Every time your database schema changes, your ML pipeline is at risk. Here is how to use synthetic data generation to test migrations before they reach production features.

The most expensive ML bug I have ever debugged cost four days and was caused by a column rename.

A backend engineer renamed user_created_at to account_registration_date in a migration. It was a clean rename, well-intentioned, documented in the migration log. The database team ran it on a Friday. The ML pipeline ran on Saturday morning. It did not crash. It did not throw an exception. It silently fell back to a default value for the missing column, computed every feature that depended on account age as zero, and sent those features to a production churn model that had never seen a customer with zero account age.

By Monday, the model was marking 34% of active users as high churn risk. The on-call engineer spent two days ruling out model drift, data quality issues, and infrastructure problems before someone finally ran a schema diff between the current database and the feature pipeline’s expected schema.
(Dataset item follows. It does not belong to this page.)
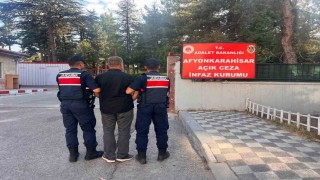 Jandarma çeşitli suçlardan aranan 40 kişiyi yakaladı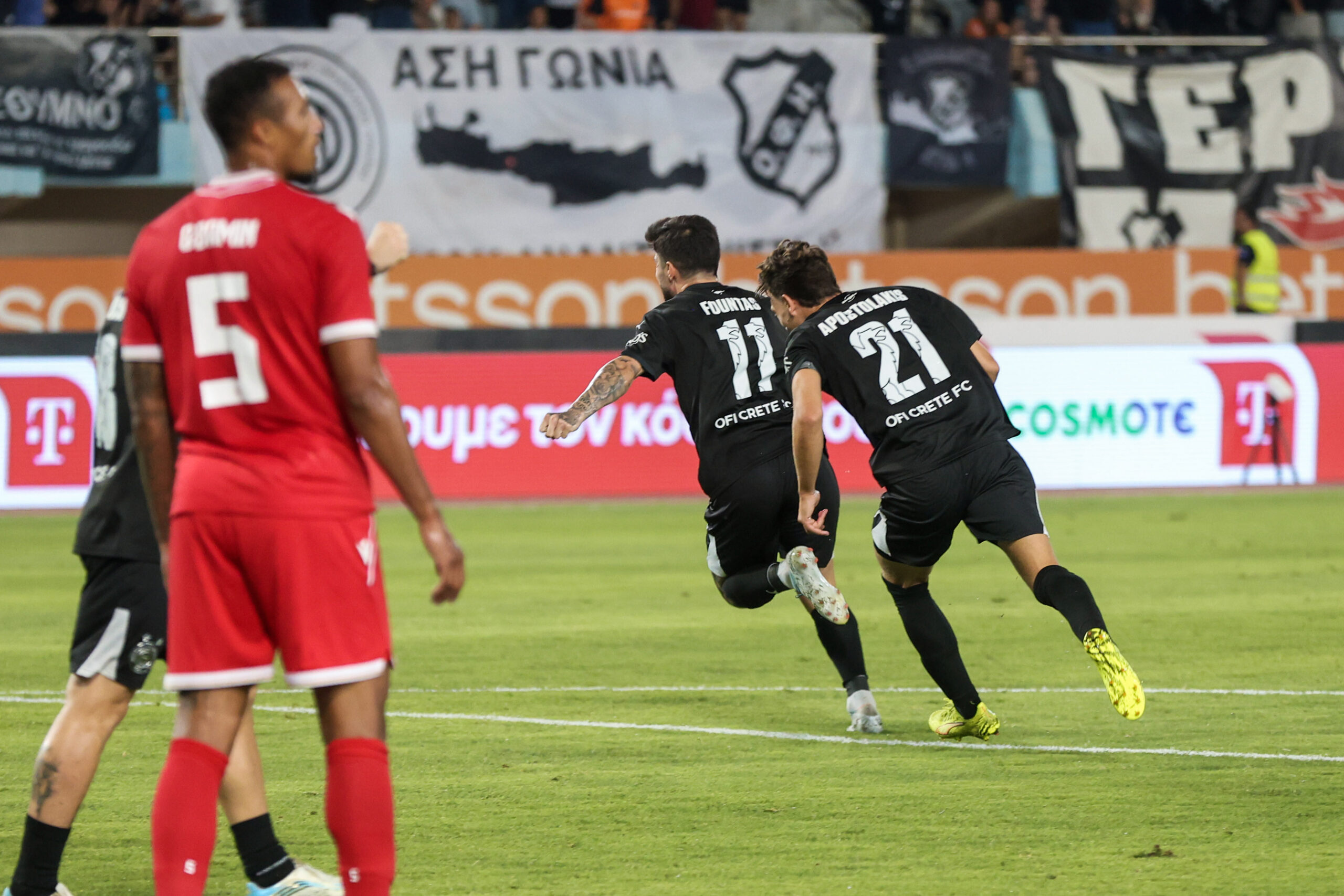 ΟΦΗ – ΤΣΣΚΑ Σόφιας 3-0: Γράφει Ιστορία – Εμφατική νίκη με Φούντα και Ντίκμαν για τα πλέι οφ του Europa League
One renamed column. Four days of debugging. Zero warnings.

That incident changed how our team thought about schema testing. The problem was not the migration itself. The problem was that we had no test environment where the ML pipeline could be run against a post-migration synthetic database before the migration touched production.

This article is about building that test environment. Specifically, it is about using synthetic database generation to validate ML feature pipelines against schema changes before those changes reach production data.

Why Schema Changes Break ML Pipelines Silently

Most software engineering teams treat database migrations as a backend concern. The frontend engineers update their API calls. The backend engineers update their ORM models. The migration runs. Everyone moves on.

ML pipelines are different. They are tightly coupled to specific column names, data types, cardinalities, and null rates. A change that is invisible to a REST API can be catastrophic to a feature engineering pipeline.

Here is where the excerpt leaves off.